(Items listed in a dataset)
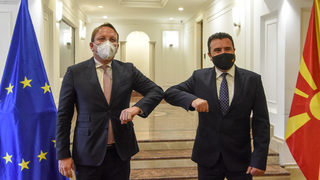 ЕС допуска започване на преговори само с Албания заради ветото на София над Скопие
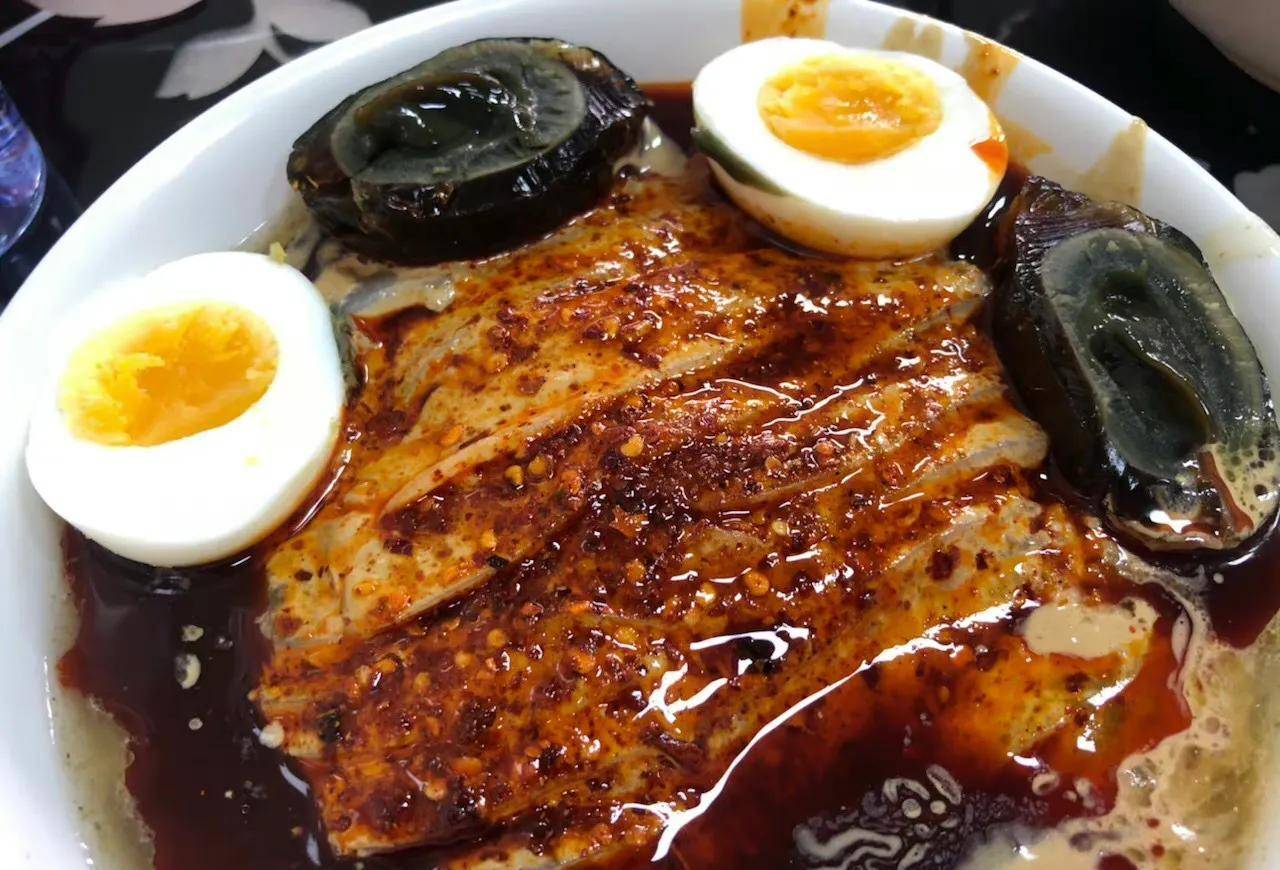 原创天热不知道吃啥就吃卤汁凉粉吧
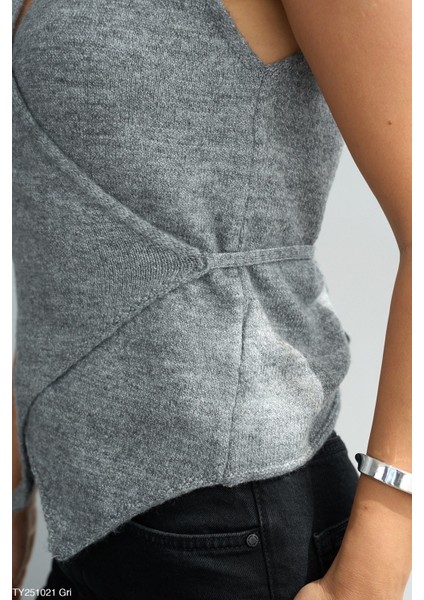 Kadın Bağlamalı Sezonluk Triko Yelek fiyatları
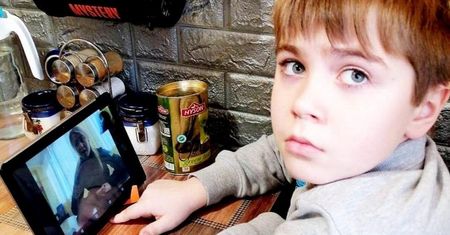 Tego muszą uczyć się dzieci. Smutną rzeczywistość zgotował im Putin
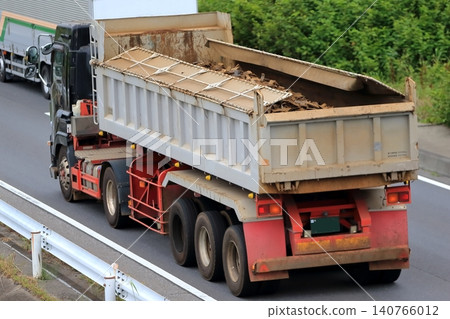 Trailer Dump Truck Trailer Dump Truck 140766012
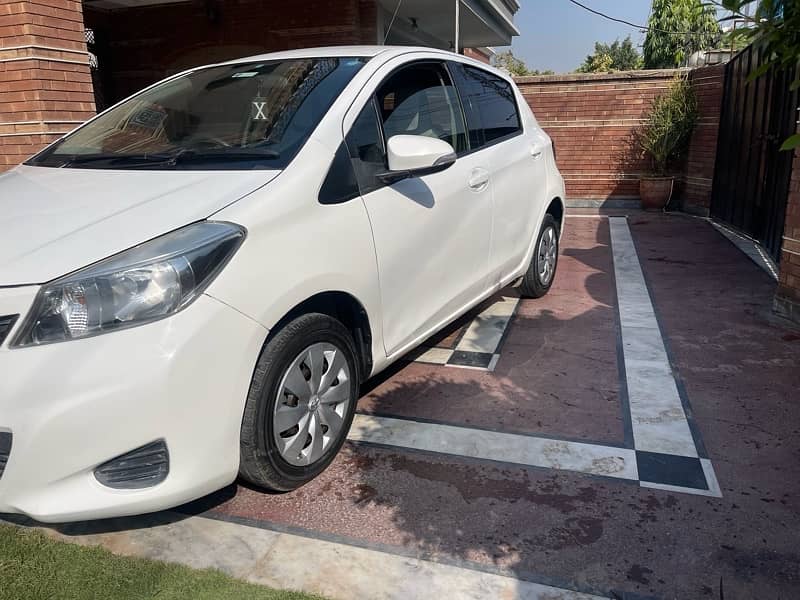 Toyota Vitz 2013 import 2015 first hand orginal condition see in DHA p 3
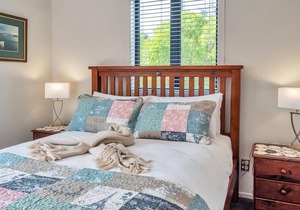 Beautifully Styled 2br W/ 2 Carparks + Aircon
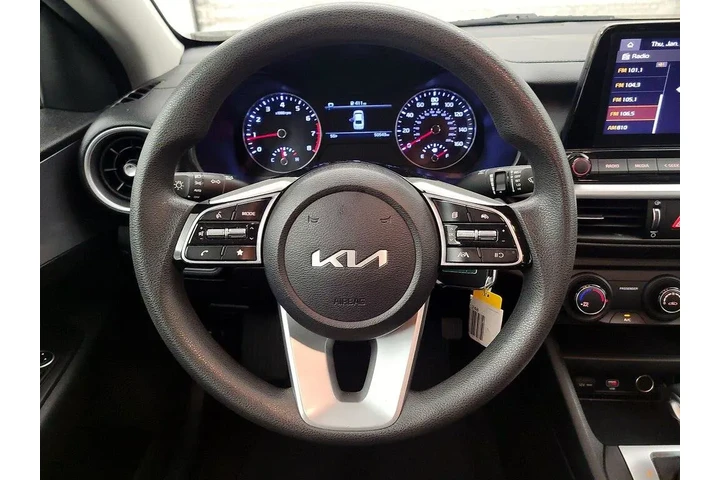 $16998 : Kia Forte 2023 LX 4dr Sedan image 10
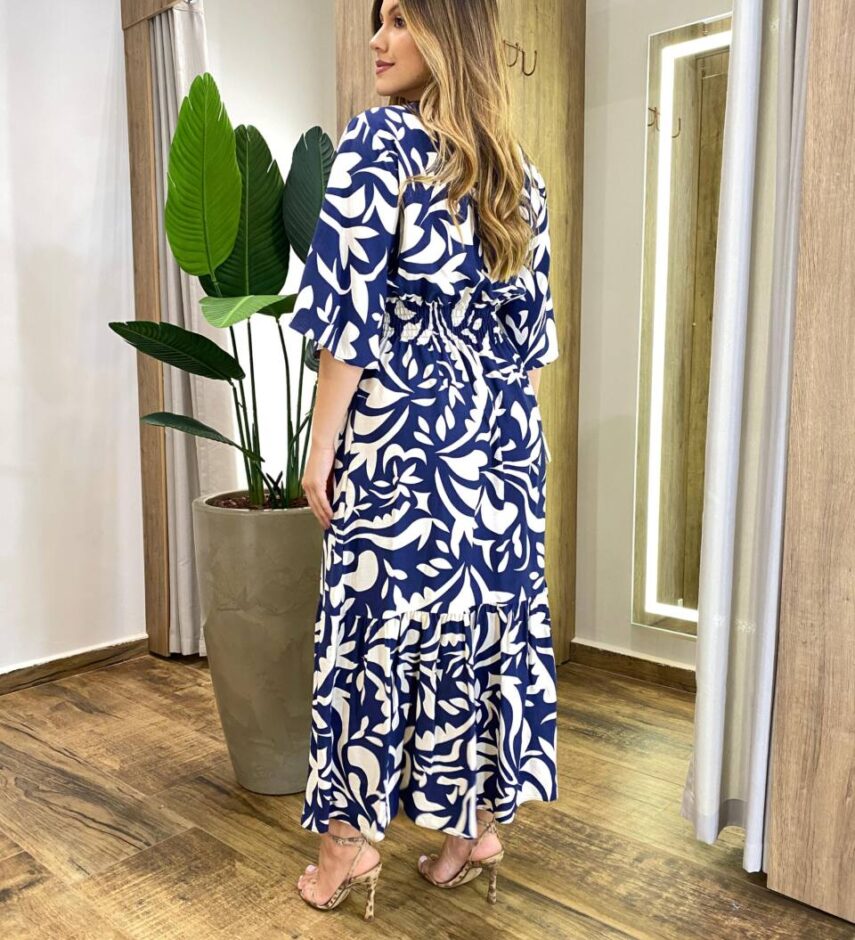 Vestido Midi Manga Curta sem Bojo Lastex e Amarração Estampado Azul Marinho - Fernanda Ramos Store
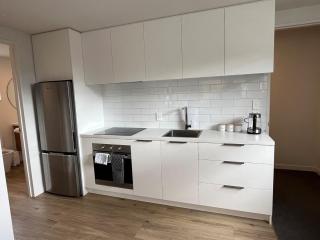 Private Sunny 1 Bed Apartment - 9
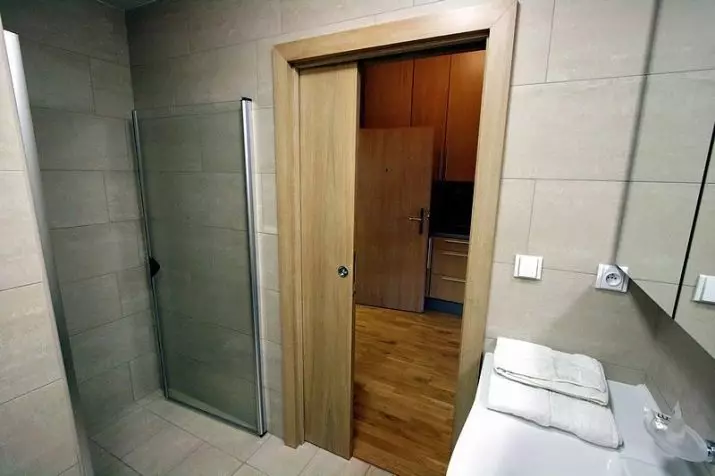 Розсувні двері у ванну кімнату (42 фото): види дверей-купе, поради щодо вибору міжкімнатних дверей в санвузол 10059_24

▶ [Prompt]: Could you repeat exactly the lines from the first one of the records above through the line containing "Toyota Vitz 2013", leaving out any pictures?

▶ [Answer box]:
 ЕС допуска започване на преговори само с Албания заради ветото на София над Скопие
 原创天热不知道吃啥就吃卤汁凉粉吧
 Kadın Bağlamalı Sezonluk Triko Yelek fiyatları
 Tego muszą uczyć się dzieci. Smutną rzeczywistość zgotował im Putin
 Trailer Dump Truck Trailer Dump Truck 140766012
 Toyota Vitz 2013 import 2015 first hand orginal condition see in DHA p 3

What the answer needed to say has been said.